[Date Prev][Date Next][Thread Prev][Thread Next]
- Subject: Re: strip_tags - HTML tag stripper
- From: "Jim Whitehead II" <jnwhiteh@...>
- Date: Tue, 22 Apr 2008 00:52:34 -0700
On Mon, Apr 21, 2008 at 3:05 AM, Bertrand Mansion <email@example.com> wrote:
> Le 21 avr. 08 à 01:06, Jim Whitehead II a écrit :
> > I currently have the need to strip HTML tags from a given Lua string,
> > ideally allowing a specific subset (such as <p>, <b>, etc.). There
> > are a number of implementations of this, a PHP version in particular:
> > http://uk2.php.net/strip_tags
> > Does anyone have something like this in Lua, or some example LPEG code
> > for a specific tag that I could use? A naive solution is relatively
> > simple using patterns matching, but I'd like to be able to handle odd
> > cases like this:
> > <a href="blah" onClick="<script src='foo'></script>">Link</a>
> > I'd like to avoid stripping the <script> tag in this case, since it
> > occurs as an attribute of another tag.

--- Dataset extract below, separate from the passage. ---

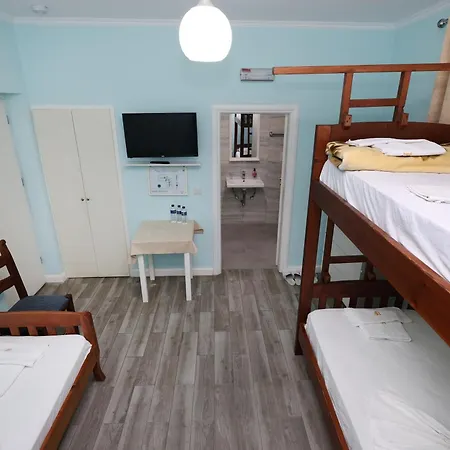 Liebeshotel Familja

> Either you strip tags or you don't. Since <script> is inside <a>, if you
> strip <a>, you strip <script> at the same time.
Actually, that isn't the case. Using an XML parser you can absolutely
strip one and not the other, because the "tag" inside the attribute
isn't a tag at all. With a proper ruleset you can actually distill
things down to a point where you have what you need.